III – On peut échapper à l’idée que le temps nous condamne

A – Nous pouvons fuir l’idée de notre propre mort

Penser le temps étant un premier pas vers l’idée de sa propre mort, un esprit simple aurait l’idée d’arrêter d’y penser afin de s’en soustraire. Mais sommes-nous simplement capables d’échapper à la souffrance induite par l’idée que nous allons mourir ? Cette dernière étant inévitable, il paraîtrait censé de la mettre de côté, l’homme ne pouvant lutter contre ce qui, de toute manière, surviendra. Dans les Pensées, Blaise Pascal évoque le divertissement comme biais trouvé par l’homme pour fuir l’idée qu’il va mourir. Le football serait, suivant cette logique, l’équivalent d’une pilule d’immortalité temporaire, moyen, non pas de retarder l’écoulement de l’horloge, mais d’oublier son tic-tac l’espace d’un instant. Et à défaut de se soustraire au temps, l’homme pourrait ainsi oublier qu’il va mourir et fuir la tristesse de cette pensée.

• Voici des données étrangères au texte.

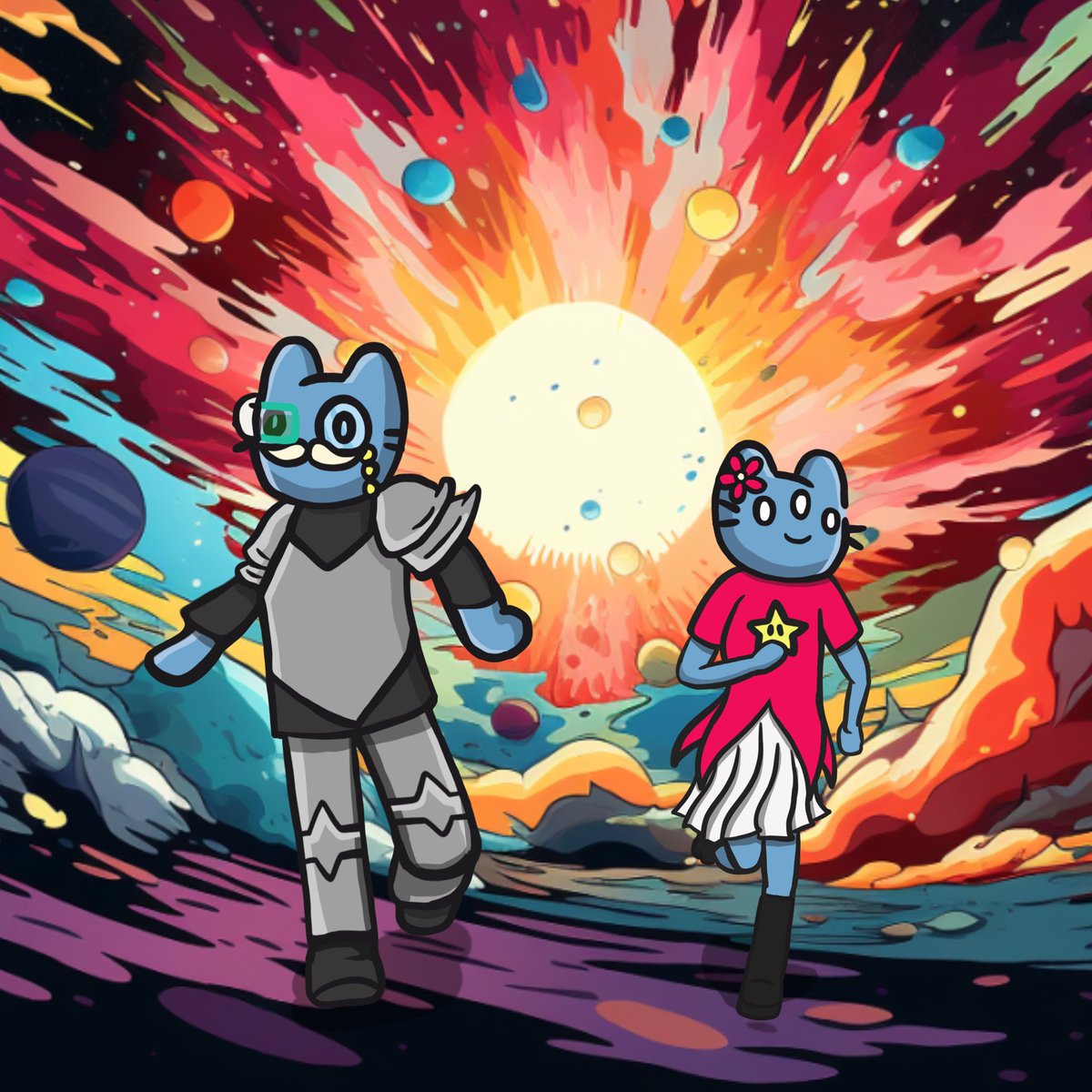 ProfSpaceKnight's tweet image. Everyone needs a friend who will call and say: 

“Get dressed, we’re going on an adventure!” 😸🌌⚔️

B – L’idée de la mort face au souci de bien vivre

Héraclite, philosophe grec de la fin du Ve siècle av. J.C, énonçait ceci : « On ne se baigne jamais deux fois dans le même fleuve. » Nabilla n’y verrait probablement là qu’une histoire de shampoing, mais comprendre ici que tout est changement, tout est mouvement. Le fleuve est celui de la vie, et s’il s’écoule sans discontinuer, alors autant en profiter du mieux que possible. Mais est-ce réellement le temps qui nous condamne, ou l’idée que l’on s’en fait ? Dans Lettre à Ménécée, Épicure nous explique comment se délivrer de la crainte de la mort qui nous empêche de vivre. Selon lui, la mort constitue une réalité qu’un humain ne rencontrera jamais, la chose étant précisément antinomique au principe d’existence. En ce sens, ce n’est pas la mort qui est à fuir, mais la tristesse découlant de sa pensée. Or, cette dernière pourrait être combattue en se rappelant de l’inverse, soit la joie de ne pas être décédé. Ainsi Marcelo, latéral gauche du Real Madrid, s’étant fait tatouer « Carpe Diem » sur l’avant-bras gauche, on peut penser qu’il a fait de son existence une fuite permanente du temps, tout en y étant ramené sans cesse puisque l’ayant à vie sur la peau.

Conclusion

En définitive, s’il est impossible de ne pas mourir, il est bien en notre pouvoir d’échapper au temps en nous délivrant de la souffrance et de l’impuissance produites par l’idée que le temps nous condamne à la mort. Échapper au temps équivaudrait alors à se libérer de la tristesse et regarder en face l’idée de notre propre mort pour profiter du temps qui nous est compté. Une manière de dire que Diam’s est déjà immortelle, et qu’il ne faut pas trop penser à l’après-carrière de Benjamin Nivet.